Nahwu Wadhih - Ilmu adalah cahaya yang menerangi jalan menuju Allah ta’ala. Namun, semakin tinggi ilmu seseorang, semestinya semakin besar pula rasa takutnya kepada Allah. Sebab, dengan ilmu, seseorang akan lebih mengenal Rabb-nya, memahami keagungan-Nya, dan menyadari kelemahan dirinya. Rasa takut inilah yang menjadi tanda kesempurnaan iman.

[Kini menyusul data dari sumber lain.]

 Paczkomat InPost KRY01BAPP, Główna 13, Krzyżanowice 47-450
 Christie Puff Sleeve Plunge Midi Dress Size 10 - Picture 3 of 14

Semakin dekat kepada allah, semakin besar rasa takut
Rasulullah ﷺ, sosok yang paling sempurna ilmunya, pernah bersabda:
إِنِّي أَخْشَاكُم لِلَّهِ وَأَحْفَظُكُمْ لِحُدُودِهِ
"Sesungguhnya aku adalah orang yang paling takut kepada Allah dan paling menjaga batasan-batasan-Nya."
(HR. Ahmad no. 25893, dishahihkan oleh Al-Albani dalam Irwa’ul Ghalil [7/79]).

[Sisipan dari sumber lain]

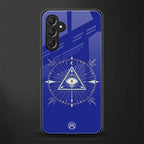 evil eye mandala blue back phone cover | glass case for samsun galaxy a24 4g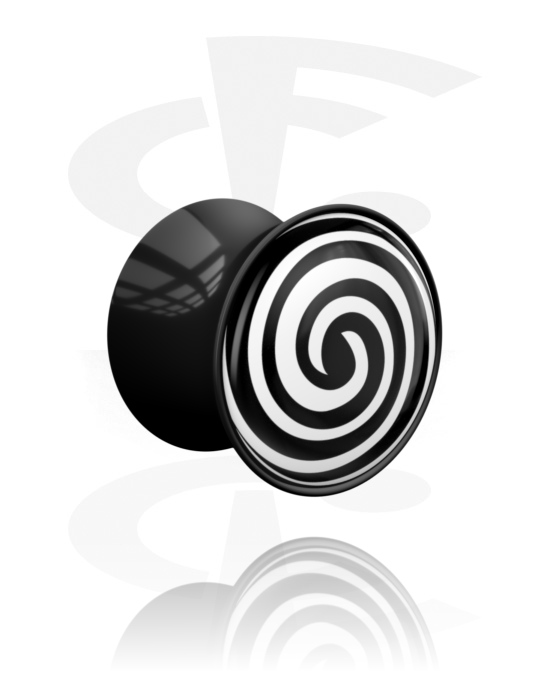 Tunnels & Plugs, Plug double flared (acrylique, noir) avec motif  spirale, Acrylique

Hal ini menunjukkan bahwa orang yang benar-benar berilmu adalah mereka yang paling takut melanggar perintah Allah dan paling menjaga diri dari dosa. Sebagaimana Allah Ta’ala berfirman:
إِنَّمَا يَخْشَى اللَّهَ مِنْ عِبَادِهِ الْعُلَمَاءُ
"Sesungguhnya yang takut kepada Allah di antara hamba-hamba-Nya hanyalah ulama."
(QS. Fathir: 28)
Para ulama, sebagai orang-orang yang benar-benar memahami ilmu agama ini, lebih mengenal Allah dan sifat-sifat-Nya. Maka tidak mengherankan jika rasa takut mereka kepada Allah lebih besar dibandingkan yang lain.

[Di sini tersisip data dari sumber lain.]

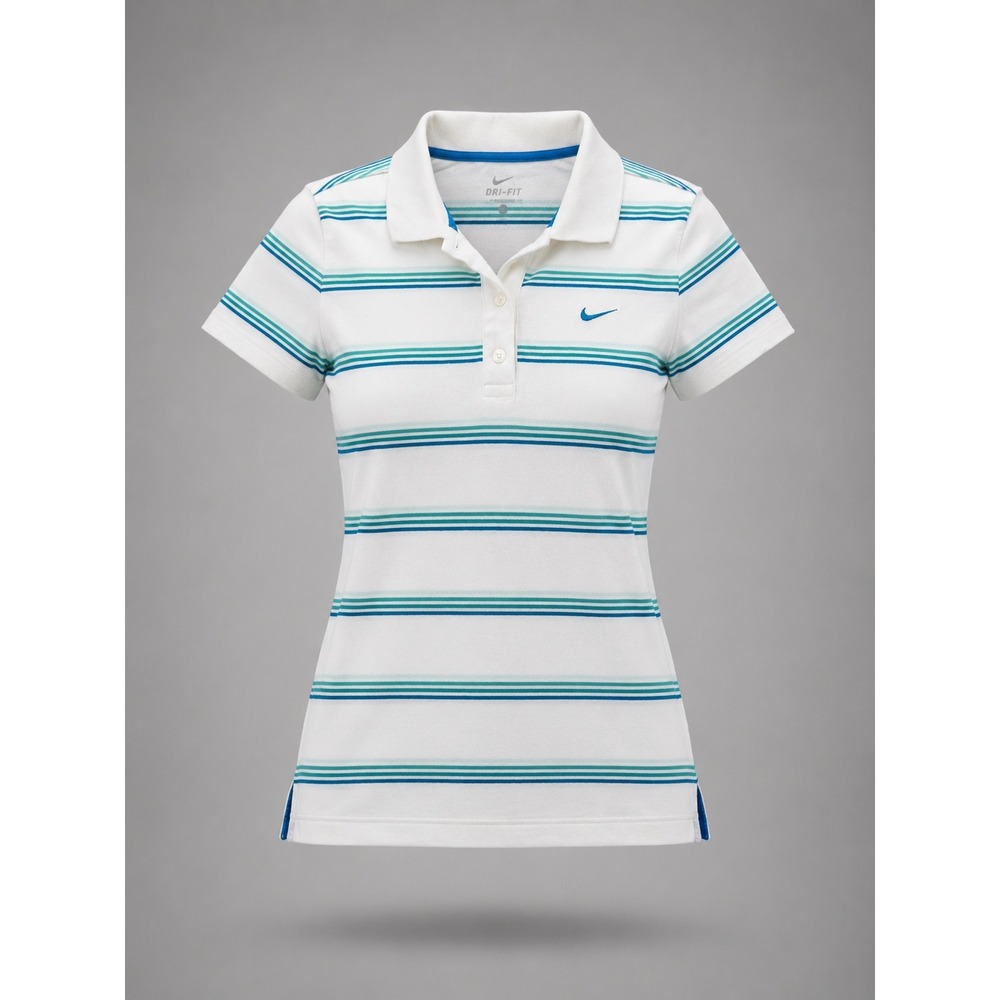 Nike Dri-FIT Womens Striped Polo Shirt White Teal Blue Short Sleeve Size S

Lihatlah bagaimana rasa takut kepada Allah tercermin dalam kehidupan para sahabat. Umar bin Khattab radhiallahu ‘anhu, seorang sahabat yang dijamin surga, tetap merasa khawatir terhadap nasibnya. Beliau pernah berkata:
لَوْ نَادَى مُنَادٍ مِنَ السَّمَاءِ: أَيُّهَا النَّاسُ، إِنَّكُمْ دَاخِلُونَ الْجَنَّةَ كُلُّكُمْ إِلَّا رَجُلًا وَاحِدًا، لَخَشِيتُ أَنْ أَكُونَ هُوَ
"Andai terdengar suara dari langit yang berkata: ‘Wahai manusia, kalian semua akan masuk surga kecuali satu orang’, sungguh aku khawatir satu orang itu adalah aku."
(HR. Abu Nu’aim dalam Hilyatul Awliya, 138).
Inilah bukti bahwa semakin tinggi ilmu seseorang, seharusnya semakin besar rasa takutnya kepada Allah.
Ilmu yang hakiki akan melahirkan sifat wara’, yaitu meninggalkan segala sesuatu yang dapat membahayakan akhirat. Rasulullah ﷺ bersabda:
فَضْلُ الْعِلْمِ أَحَبُّ إِلَيَّ مِنْ فَضْلِ الْعِبَادَةِ، وَخَيْرُ دِينِكُمُ الْوَرَعُ
"Keutamaan ilmu lebih aku cintai daripada keutamaan ibadah. Dan sebaik-baiknya keislaman kalian adalah wara’."
(HR. Al-Hakim no. 314, dishahihkan oleh Al-Albani dalam Shahih At-Targhib no. 1740).
Sifat wara’ menjadi cerminan dari ketakutan kepada Allah yang mendalam. Sebab, hanya orang yang takut kepada Allah yang mampu menjauhi perkara-perkara syubhat dan maksiat.
Para ulama salaf memberikan banyak nasihat terkait hubungan antara ilmu dan rasa takut kepada Allah:
Yahya bin Abi Katsir berkata:
"Orang alim adalah orang yang takut kepada Allah. Takut kepada Allah itulah wara’."
(Akhlaqul ‘Ulama, 1/70).
Al-Hasan Al-Bashri berkata:
"Ilmu yang paling utama adalah wara’ dan tawakal."
(HR. Ahmad dalam Az-Zuhd, 1500).
Maka mari kita renungkan bersama: semakin dalam kita mempelajari agama, seharusnya semakin besar pula rasa takut kita kepada Allah. Jangan sampai ilmu yang kita miliki hanya menjadi penghias akal tanpa mempengaruhi hati. Karena ilmu sejati adalah yang melahirkan amal dan rasa takut kepada Allah.
Semoga Allah Ta’ala mengaruniakan kepada kita semua ilmu yang bermanfaat, rasa takut kepada-Nya, dan sifat wara’ yang menjaga kita dari perkara yang membahayakan akhirat.